DEVILS 5, LIGHTNING 1: New Jersey dominates, dampening goalie Kevin Hodson's season start, halting unbeaten mark at 7.

By DAMIAN CRISTODERO, Times Staff Writer
© St. Petersburg Times
published October 27, 2002

EAST RUTHERFORD, N.J. -- There was no in-depth analysis, no X's and O's, no diagramming why the Devils were able to produce wave after wave of offense and continually outfight Tampa Bay to the puck along the boards.

There was no need, coach John Tortorella said. It was simple.

"They were simply a better hockey team than we were tonight," he said.

New Jersey did it all Saturday, outshooting, outhustling and dominating the Lightning during a 5-1 victory at Continental Airlines Arena that snapped Tampa Bay's team-record tying, seven-game unbeaten streak.

The Lightning (5-1-2), which had been the NHL's only unbeaten team, never mustered a consistent attack, did nothing on its four power plays and gave little help to goalie Kevin Hodson, who made his first start of the season and had 25 saves.

"We didn't give him the support," defenseman Jassen Cullimore said. "You can't blame the goalie. We did not play well."

At least the Lightning avoided a shutout as Chris Dingman scored his second goal in as many games to make the score 4-1 11:29 into the third period.

But whatever solace that offered was short-lived as John Madden's second goal, on a breakaway, finished the scoring at 13:16.

"It was bound to happen," defenseman Dan Boyle said of the loss.

Of course it was, and Tampa Bay is still ahead of the Capitals in the Southeast Division.

Still, with all the Lightning had going in its first seven games, including Friday's emotional 3-2 victory over Washington at the St. Pete Times Forum, that the team's first loss happened as it did was eye-opening.

The Devils, who like Tampa Bay were playing the second game of a back to back, seemed quicker, stronger and more determined.

They swarmed at the defensive blue line, causing numerous turnovers, which created odd-man rushes.

New Jersey outshot the Lightning 13-5 in the first period and took a 2-0 lead on goals by Joe Nieuwendyk and Patrik Elias, finishing with a 30-21 shot advantage.

It all added up to an easy night for goalie Martin Brodeur, who made 20 saves in his 599th game to improve to 21-6-5 against Tampa Bay.

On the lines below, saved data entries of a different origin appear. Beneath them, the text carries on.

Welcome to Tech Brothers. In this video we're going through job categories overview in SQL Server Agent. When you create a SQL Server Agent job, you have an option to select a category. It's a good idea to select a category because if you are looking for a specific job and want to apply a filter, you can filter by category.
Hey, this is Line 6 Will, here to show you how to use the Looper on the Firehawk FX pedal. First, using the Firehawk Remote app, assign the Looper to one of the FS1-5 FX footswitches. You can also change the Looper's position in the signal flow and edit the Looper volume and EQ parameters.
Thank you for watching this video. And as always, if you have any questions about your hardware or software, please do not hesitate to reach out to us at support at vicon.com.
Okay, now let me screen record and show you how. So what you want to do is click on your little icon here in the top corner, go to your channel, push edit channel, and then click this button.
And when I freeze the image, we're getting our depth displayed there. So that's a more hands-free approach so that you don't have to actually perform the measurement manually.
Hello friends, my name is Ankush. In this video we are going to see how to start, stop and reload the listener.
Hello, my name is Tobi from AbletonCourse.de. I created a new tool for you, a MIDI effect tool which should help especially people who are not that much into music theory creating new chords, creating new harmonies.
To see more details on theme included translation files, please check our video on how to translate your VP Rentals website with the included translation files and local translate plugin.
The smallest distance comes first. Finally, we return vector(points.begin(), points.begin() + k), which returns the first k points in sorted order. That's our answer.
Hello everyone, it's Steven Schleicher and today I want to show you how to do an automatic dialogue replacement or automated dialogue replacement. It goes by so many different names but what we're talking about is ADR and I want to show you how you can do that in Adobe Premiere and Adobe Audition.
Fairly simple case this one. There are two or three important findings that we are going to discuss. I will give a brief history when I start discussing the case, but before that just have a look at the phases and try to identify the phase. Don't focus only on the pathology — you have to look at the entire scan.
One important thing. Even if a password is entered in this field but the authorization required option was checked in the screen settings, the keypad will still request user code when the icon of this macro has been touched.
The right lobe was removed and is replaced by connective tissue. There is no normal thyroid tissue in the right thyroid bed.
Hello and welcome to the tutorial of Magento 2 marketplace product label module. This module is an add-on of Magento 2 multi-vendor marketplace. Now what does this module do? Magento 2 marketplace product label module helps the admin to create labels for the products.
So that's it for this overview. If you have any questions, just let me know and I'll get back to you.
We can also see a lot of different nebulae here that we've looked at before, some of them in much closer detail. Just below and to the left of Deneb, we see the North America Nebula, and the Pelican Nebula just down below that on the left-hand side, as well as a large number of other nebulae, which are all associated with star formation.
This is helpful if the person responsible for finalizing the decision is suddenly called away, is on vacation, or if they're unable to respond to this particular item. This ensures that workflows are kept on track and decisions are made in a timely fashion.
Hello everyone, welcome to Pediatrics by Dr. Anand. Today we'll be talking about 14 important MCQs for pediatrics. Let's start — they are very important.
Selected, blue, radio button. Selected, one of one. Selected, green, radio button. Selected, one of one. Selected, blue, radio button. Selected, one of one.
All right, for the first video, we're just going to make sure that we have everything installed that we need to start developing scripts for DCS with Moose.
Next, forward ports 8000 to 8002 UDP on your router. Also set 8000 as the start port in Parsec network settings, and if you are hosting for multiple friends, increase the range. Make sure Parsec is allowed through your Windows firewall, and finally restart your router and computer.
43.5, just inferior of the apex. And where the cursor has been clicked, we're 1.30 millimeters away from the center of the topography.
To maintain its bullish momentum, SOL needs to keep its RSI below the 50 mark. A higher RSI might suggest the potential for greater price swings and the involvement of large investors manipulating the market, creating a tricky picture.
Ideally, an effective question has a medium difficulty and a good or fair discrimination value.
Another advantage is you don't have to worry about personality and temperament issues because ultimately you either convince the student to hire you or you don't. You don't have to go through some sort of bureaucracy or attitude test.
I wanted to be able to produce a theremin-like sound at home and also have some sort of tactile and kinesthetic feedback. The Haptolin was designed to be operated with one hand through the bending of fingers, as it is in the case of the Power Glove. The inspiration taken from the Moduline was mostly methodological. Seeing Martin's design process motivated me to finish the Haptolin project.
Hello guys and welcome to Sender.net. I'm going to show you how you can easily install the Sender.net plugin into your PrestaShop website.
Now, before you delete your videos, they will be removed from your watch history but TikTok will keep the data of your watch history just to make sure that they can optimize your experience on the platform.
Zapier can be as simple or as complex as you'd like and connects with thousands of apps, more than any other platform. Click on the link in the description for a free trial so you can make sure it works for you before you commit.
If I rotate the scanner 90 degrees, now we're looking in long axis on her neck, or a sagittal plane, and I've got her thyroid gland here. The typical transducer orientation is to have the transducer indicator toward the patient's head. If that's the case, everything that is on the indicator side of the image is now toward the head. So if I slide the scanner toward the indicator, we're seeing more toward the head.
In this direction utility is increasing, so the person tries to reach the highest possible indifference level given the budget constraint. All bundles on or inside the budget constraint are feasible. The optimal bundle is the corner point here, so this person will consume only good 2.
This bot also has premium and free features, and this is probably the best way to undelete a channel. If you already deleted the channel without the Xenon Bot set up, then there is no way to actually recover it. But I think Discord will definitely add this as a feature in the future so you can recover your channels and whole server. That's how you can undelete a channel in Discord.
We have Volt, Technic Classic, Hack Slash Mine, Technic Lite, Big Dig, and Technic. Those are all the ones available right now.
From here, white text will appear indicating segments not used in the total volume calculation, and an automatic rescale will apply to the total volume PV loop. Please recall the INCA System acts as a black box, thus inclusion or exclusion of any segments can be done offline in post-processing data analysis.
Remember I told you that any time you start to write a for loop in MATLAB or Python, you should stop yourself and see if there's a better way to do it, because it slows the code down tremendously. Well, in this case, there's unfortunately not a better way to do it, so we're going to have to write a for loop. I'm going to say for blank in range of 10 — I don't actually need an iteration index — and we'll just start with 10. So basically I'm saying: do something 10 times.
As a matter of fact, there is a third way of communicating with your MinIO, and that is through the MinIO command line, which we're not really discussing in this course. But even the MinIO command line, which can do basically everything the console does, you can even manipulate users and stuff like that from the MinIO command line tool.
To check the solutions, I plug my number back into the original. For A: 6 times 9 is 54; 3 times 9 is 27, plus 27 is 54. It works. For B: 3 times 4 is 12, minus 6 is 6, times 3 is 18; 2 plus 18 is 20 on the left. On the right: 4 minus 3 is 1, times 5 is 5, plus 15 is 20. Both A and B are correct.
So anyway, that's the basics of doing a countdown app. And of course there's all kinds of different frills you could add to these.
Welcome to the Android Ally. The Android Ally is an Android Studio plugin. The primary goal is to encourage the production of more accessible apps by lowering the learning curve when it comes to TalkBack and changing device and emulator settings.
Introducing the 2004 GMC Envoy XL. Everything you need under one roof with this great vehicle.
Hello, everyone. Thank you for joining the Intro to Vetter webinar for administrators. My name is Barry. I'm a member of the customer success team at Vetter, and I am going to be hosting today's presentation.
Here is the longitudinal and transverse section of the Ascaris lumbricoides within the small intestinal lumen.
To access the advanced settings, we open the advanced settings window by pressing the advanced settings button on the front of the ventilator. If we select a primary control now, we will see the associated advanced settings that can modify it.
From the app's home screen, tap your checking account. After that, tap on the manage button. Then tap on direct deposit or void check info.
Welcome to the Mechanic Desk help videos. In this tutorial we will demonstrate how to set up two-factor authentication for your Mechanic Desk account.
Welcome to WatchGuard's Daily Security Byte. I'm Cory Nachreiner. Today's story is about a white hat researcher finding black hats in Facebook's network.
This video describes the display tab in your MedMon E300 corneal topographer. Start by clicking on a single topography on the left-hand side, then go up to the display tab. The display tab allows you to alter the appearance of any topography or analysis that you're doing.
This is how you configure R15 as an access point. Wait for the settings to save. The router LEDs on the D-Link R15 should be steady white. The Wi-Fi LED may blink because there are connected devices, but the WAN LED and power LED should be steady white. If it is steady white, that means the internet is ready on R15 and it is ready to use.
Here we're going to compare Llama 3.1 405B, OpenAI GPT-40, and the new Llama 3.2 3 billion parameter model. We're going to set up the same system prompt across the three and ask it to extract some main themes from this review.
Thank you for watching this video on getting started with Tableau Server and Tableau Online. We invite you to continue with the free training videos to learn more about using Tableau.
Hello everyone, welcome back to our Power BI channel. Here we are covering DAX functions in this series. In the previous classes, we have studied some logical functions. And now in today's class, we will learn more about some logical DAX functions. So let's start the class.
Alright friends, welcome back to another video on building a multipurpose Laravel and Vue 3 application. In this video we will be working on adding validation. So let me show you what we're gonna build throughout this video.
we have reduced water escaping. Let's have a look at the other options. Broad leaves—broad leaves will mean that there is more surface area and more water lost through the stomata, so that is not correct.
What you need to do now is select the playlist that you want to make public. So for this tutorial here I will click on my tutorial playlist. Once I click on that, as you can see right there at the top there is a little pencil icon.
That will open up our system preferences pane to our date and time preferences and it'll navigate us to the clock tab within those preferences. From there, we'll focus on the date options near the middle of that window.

"It was a nice test for us," center Stephen Guolla said. "We had gotten off to a good start and we knew they were playing well. It was a nice challenge for us and nice to meet it the way we did."

Guolla has been a pain to the Lightning since the Thrashers claimed him off waivers from Tampa Bay in March 2000. His second-period goal, which gave New Jersey a 3-1 lead, was Guolla's fifth goal in seven games against his former team.

"Maybe sometimes you have a team's number," Guolla said. "I don't have any ill will. I'm just like anyone else trying to keep playing in the NHL."

With Tampa Bay playing its second back to back in a week and sixth game in nine days, it appeared time to give Nikolai Khabibulin a rest, though Tortorella declined to discuss the timing of his decision.

The first goal Hodson gave up was a fluke with Nieuwendyk tapping in the puck after Scott Niedermayer's shot from the point hit referee Mark Faucette, who was standing along the end boards, and bounced right to Nieuwendyk.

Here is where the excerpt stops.